The Jones Act is a federal law that, among other things, provides an avenue for relief to seamen who are injured in the course of their employment. Under a specific provision of this law, the injured seaman (or, in case of death, his or her personal representative) has the right to bring a civil lawsuit for damages against his or her employer. In such a lawsuit, this law also specifically provides that the plaintiff has the right to a trial by jury.
What Happens When the Employer is the United States?
Under a doctrine known as sovereign immunity, governments (federal, state and local) are immune from lawsuits in many circumstances. An exception is made under federal law for lawsuits by injured seamen where the employer is the government (or its agent). In such cases, governmental immunity is waived.
In these types of cases, involving injuries to seamen employed by the federal government, or its agent, the Suits in Admiralty Act comes into play. Under this Act, a civil lawsuit can be brought against the United States (or a federally-owned corporation) by an injured seaman if the lawsuit could otherwise have been brought if the vessel had been privately owned or operated, if the cargo had been privately owned or possessed, or if a private person or property had been involved.
Importantly, under this provision of the Suits in Admiralty Act, the jury trial right is absent. The law specifically provides that in cases brought against the government or its agent, claims against the United States (or federally-owned corporations) will be tried without a jury.
Example: Jones v. United States
Last August, the United States Court of Appeals for the Fifth Circuit decided a case that involved the a civil lawsuit by an injured seamen asserting claims against United States. In this case, Jones v. United States, the plaintiff was an engineer who worked aboard a boat owned by the United States. The plaintiff fell while on duty and sustained injury to his arm. He alleged that grease on the deck caused him to slip and become injured and sued the United States for negligence under the Jones Act (among other claims). The district court granted summary judgment against him because he had no evidence that grease caused his fall. On appeal, the United States Court of Appeals for the Fifth Circuit affirmed, upholding the decision of the district court.

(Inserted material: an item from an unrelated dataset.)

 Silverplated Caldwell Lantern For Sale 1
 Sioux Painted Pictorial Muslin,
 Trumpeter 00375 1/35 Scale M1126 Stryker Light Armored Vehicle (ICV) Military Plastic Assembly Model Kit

The fact that the case was a non-jury case was an important factor discussed by the Fifth Circuit Court of Appeals in its decision. The court noted that since the case was a non-jury case, the district court had more discretion to consider what weight would be given to the evidence than it would have had if the matter had been one to be decided by a jury. This is because, in the context of a motion for summary judgment in a non-jury case, the district court had limited discretion to determine whether the same evidence, if presented before it on the summary judgment motion or at trial, would lead to a different result.